Subsequently, consolidation will likely lead to more showdowns between pay-TV providers and programmers such as the recent one between Dish Network and Viacom, settled two weeks ago. “We are living in a shrinking pay TV environment (and) that is why I think you are seeing things like the Dish-Viacom carriage deal being done last minute after several extensions," Barrett said. "I think you will see and increased brinksmanship between the programmers and the (pay-TV providers) over the next several years as pay TV operators push back.”

Verizon and other companies see “the writing on the wall in terms of the way that the communications market is moving," Werbach said, "and (are) looking for a way to leverage of the pure carriage business into these content businesses,” Werbach said.

COMCAST LEADS WAVE

Some recent deals underscoring the trend:

*Verizon. In 2015, Verizon paid about $4.4 billion to buy AOL, instantly heightening its mobile advertising technology and adding Huffington Post, TechCrunch and other content sites.

*AT&T. In 2014, AT&T formed a joint venture with the Chernin Group, founded by former News Corp president Peter Chernin, to acquire and invest in streaming video media. The joint venture, named Otter Media, promised to invest more than $500 million in funding and eventually bought a majority stake in Fullscreen, a YouTube network operator. Fullscreen launched as a streaming subscription service last week.

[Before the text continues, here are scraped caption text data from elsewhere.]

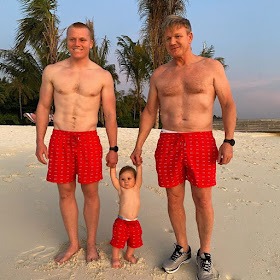 Photsos of Gordon Ramsay and son in matching shots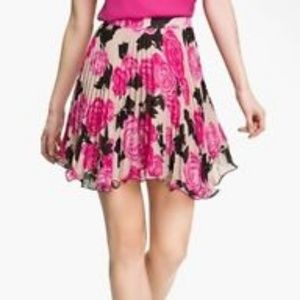 Pink Rose Milly Mini Skirt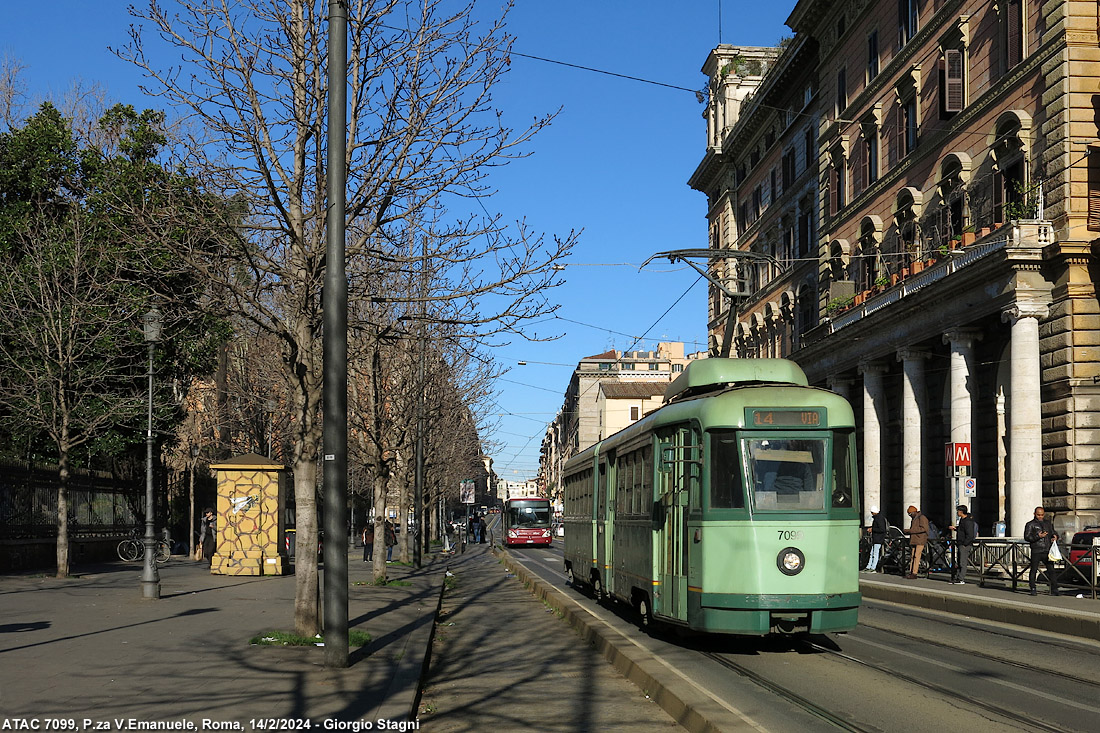 Roma 2023-2024 - P.za Vittorio Emanuele.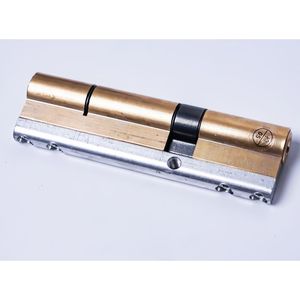 Tùy chỉnh Euro hồ sơ rắn <span class=keywords><strong>brass</strong></span> xi lanh Lỗ mộng khóa cửa với 60 mét Backset và 3 phím có tính năng thép chùm - Product Image 4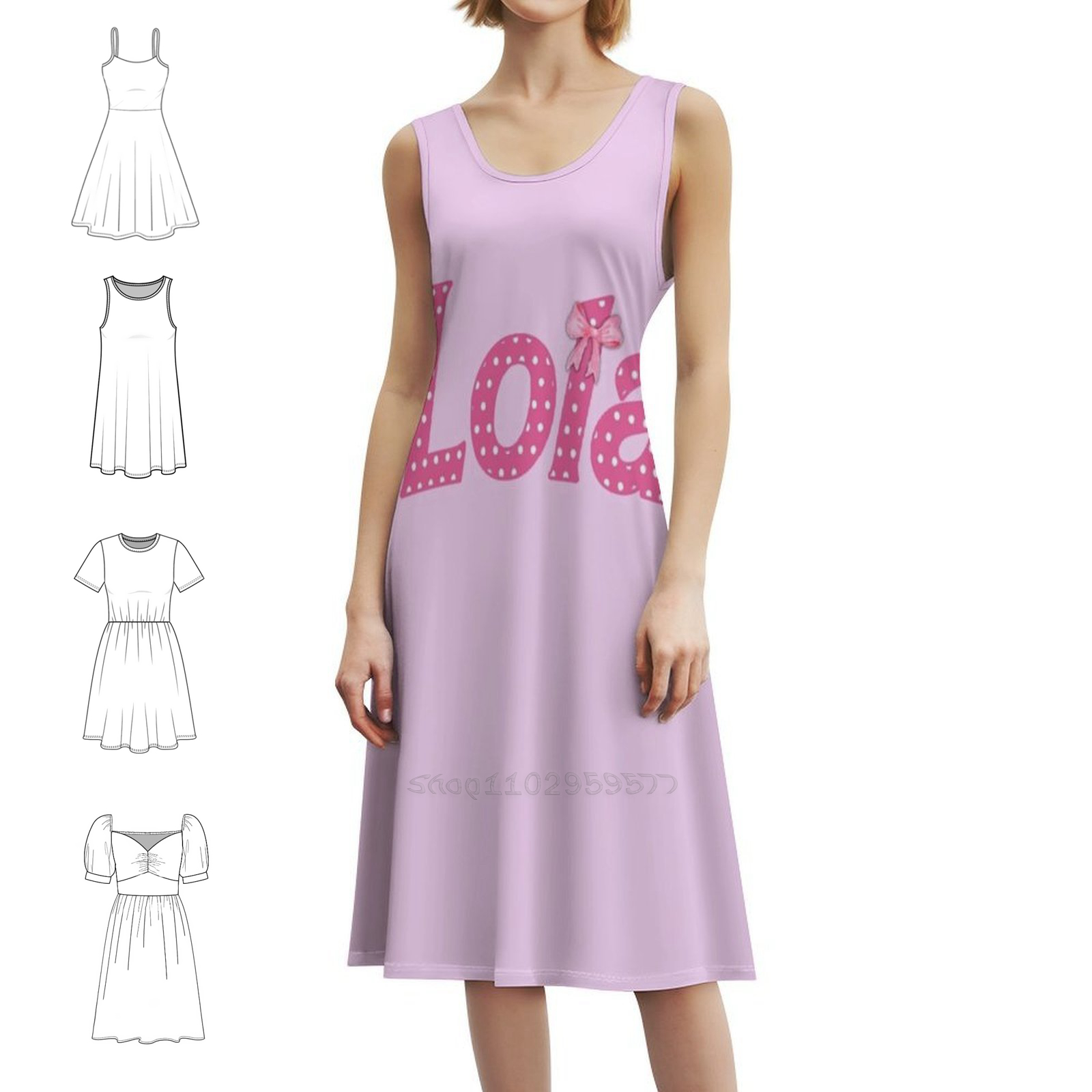 Gaun Lola Name By Callisc Boho - Women Fashion Dress Names ulasan dan harga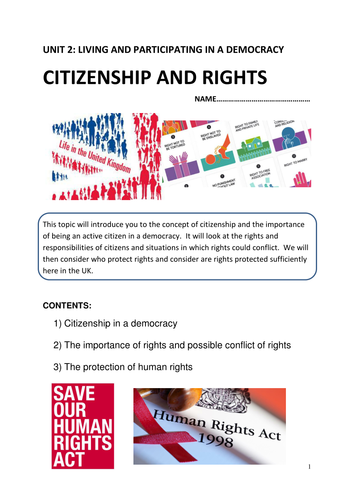 WJEC 2017 AS Unit 2 Citizenship and rights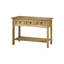 122 cm W Solid Wood Top Console Table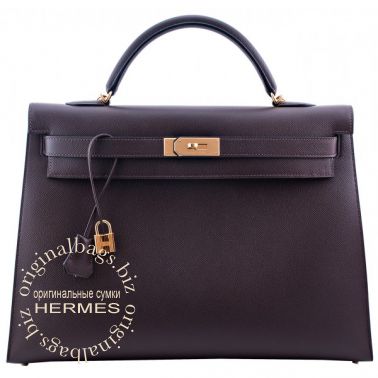 Hermes Kelly 40 Chocolate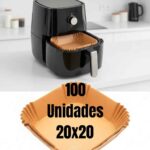 Kit 100 Formas De Papel Para Airfryer Descartavel Antiaderente Bandeja Quadrada Ciclo Alternativa Afiliado Mercado Livre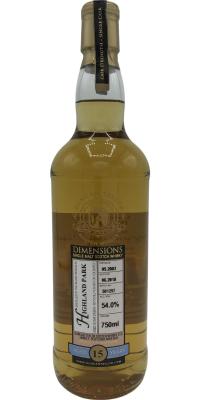 Highland Park 2003 DT Dimensions Oak #501257 54% 750ml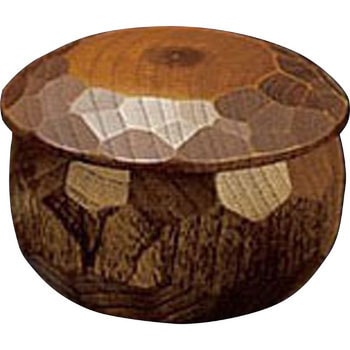 摺り漆木製飯器(蓋付) 用美(ヤマコー)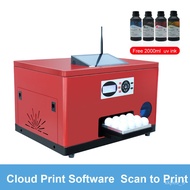 💯2022 Golf Ball Printer Mobile APP UV Printer Custom Wireless Golf Printer with tablet With Golf ball holder uv printing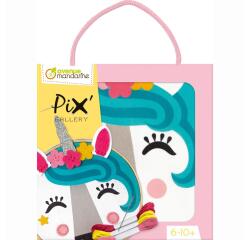 Pix Gallery, Tambourin Licorne - Blanc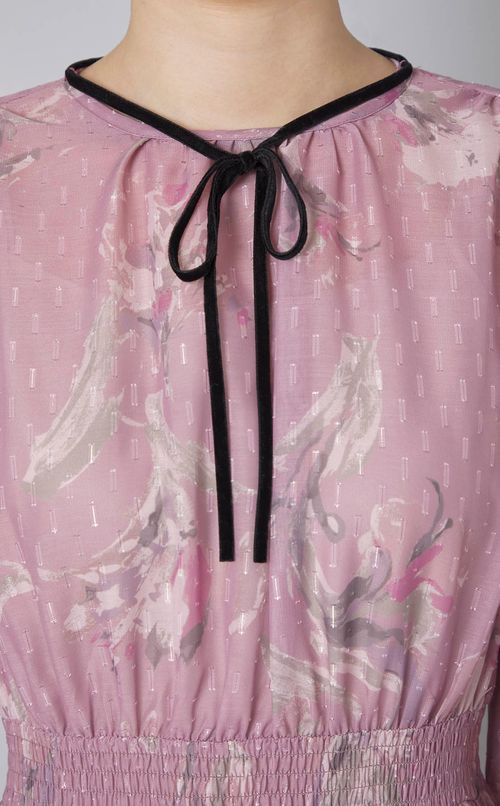 ペイントフラワーワンピース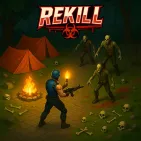 reKILL is a unique online battle royale game where you not only face other players but also face the constant threat of ferocious zombies. In this devastated world, the battle for survival becomes more intense than ever as you fight to become the last survivor.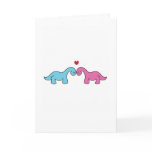 Dinosaur Valentine's Day Card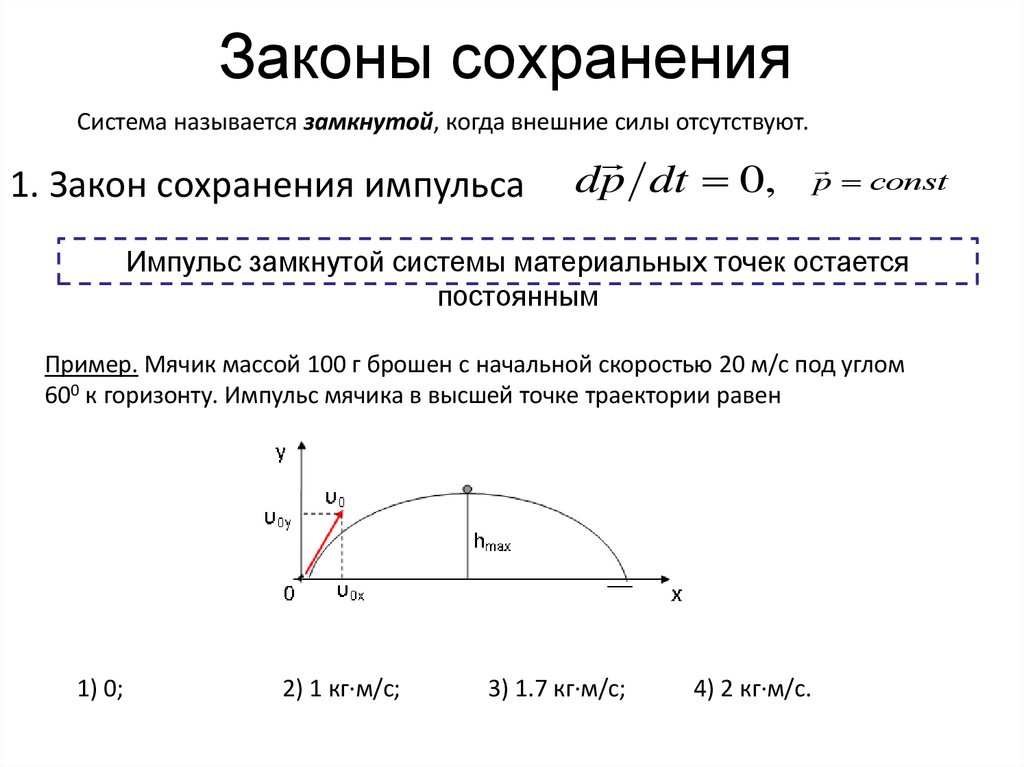 Законы сохранения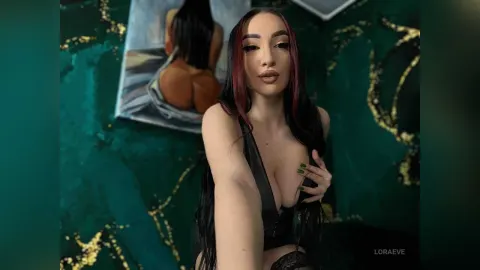 LoraEve — Leather fetish!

*Comcast. The Philadelphia-based cable giant has been in the content business for years now, with its NBCUniversal unit operating film, TV and cable network operations. While its interest in broadening the cable business garnered more attention – it unsuccessfully tried to buy Time Warner Cable last year – Comcast has been gradually adding to its content portfolio.

Last year, NBCUniversal invested $200 million in Vox Media, which owns sports blog network SB Nation, tech news sites Re/code and The Verge and other sites. The acquisition valued Vox at about $850 million, according to Re/code. “The company that’s furthest down the (content) line is Comcast,” Entner says. “They have their own channels. They’ve been able to capture more revenue and profit that way.”

Comcast’s $3 billion addition last week of DreamWorks Animation to its NBCUniversal division is also a classic example of what a cable company can do with these properties, analysts say. Not only does it gain that studio's rich animation catalog -- the ShrekKung Fu PandaMadagascar films -- but also hopes to bring those characters to life "within the Universal Theme parks,” ITG's Barrett said.